On Tuesday, moreover, the Organization for Economic Cooperation and Development issued warnings about limited growth capacities in the once-resplendent Germany. The OECD paper noted that Germany’s over-reliance on exports leaves its economy vulnerable to regional or global slow-downs, especially as spending by its main euro-zone trading partners dries up. (That’s a complaint many of those same European nations pointed out in recent months as Germany insisted on what struck some as haughty, tight-fisted, tough-love crisis remedies for weaker economies unable to produce the more competitive goods and services that Germans do. Roost, meet chickens.) Worse still, the OECD’s note complained that a German economy that’s been widely hailed for its pro-active, liberalizing reforms in recent years still has a lot of difficult reforms to see through if it wants to increase growth potential. That all seemed like a decidedly unflattering grade for what was supposed to be the star student in Europe’s economic detention class.

With virtually no other EU economy or leader now escaping economic shrinkage or criticism, it will be hard for Sarkozy to use the Q4 result to disassociate himself from what appears to be the limitations—or failure—of Europe’s collective austerity-without-stimulus response to crisis. That’s another reason why Sarkozy may decide not to exploit Wednesday’s happy growth news beyond the framework of announcing his candidacy during a nationally televised interview this evening. By the same token, Sarkozy may be mindful of another claim Hollande makes: that the shrinkage seen elsewhere in Europe has largely occurred in nations where austerity measures went into place before Sarkozy embraced them late last year, meaning the corresponding downturn in France may come a bit later than elsewhere, too.

Meantime, even France’s commendable 1.7% growth in 2011 hasn’t done anything to help France’s unemployment rate, which even Sarkozy’s government predicts will exceed 10% later this year.
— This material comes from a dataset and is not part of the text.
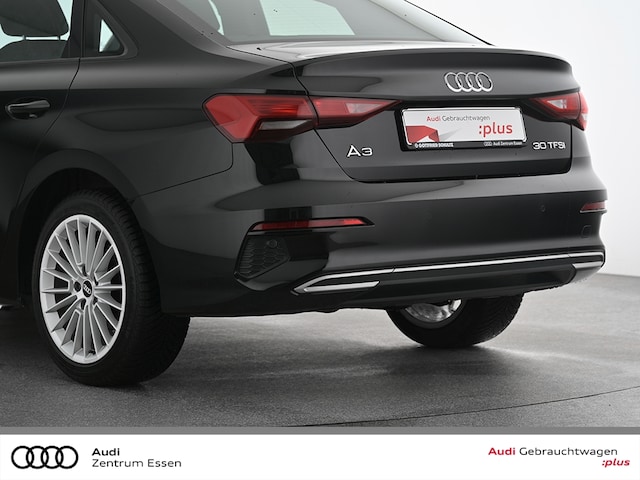 Audi A3 30 TFSI Sedan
French voters may be impressed by growth—especially as other economies decline—and Sarkozy has every right to trumpet France’s Q4 exploit. But those same voters are far more concerned about jobs that such growth is supposed to produce. That means some unhappy French voters may find their discontentment over economic management rising if hope inspired by even modest growth can’t produce the employment expected from it. Elections are always about jobs and the economy, so any good news on either of those fronts will provide lift to Sarkozy’s re-election bid. But he’d be unwise to use this week’s fortunate life-preserver as his larger campaign vessel in what’s looking to be a dark, roiling and dangerous stormy economic sea.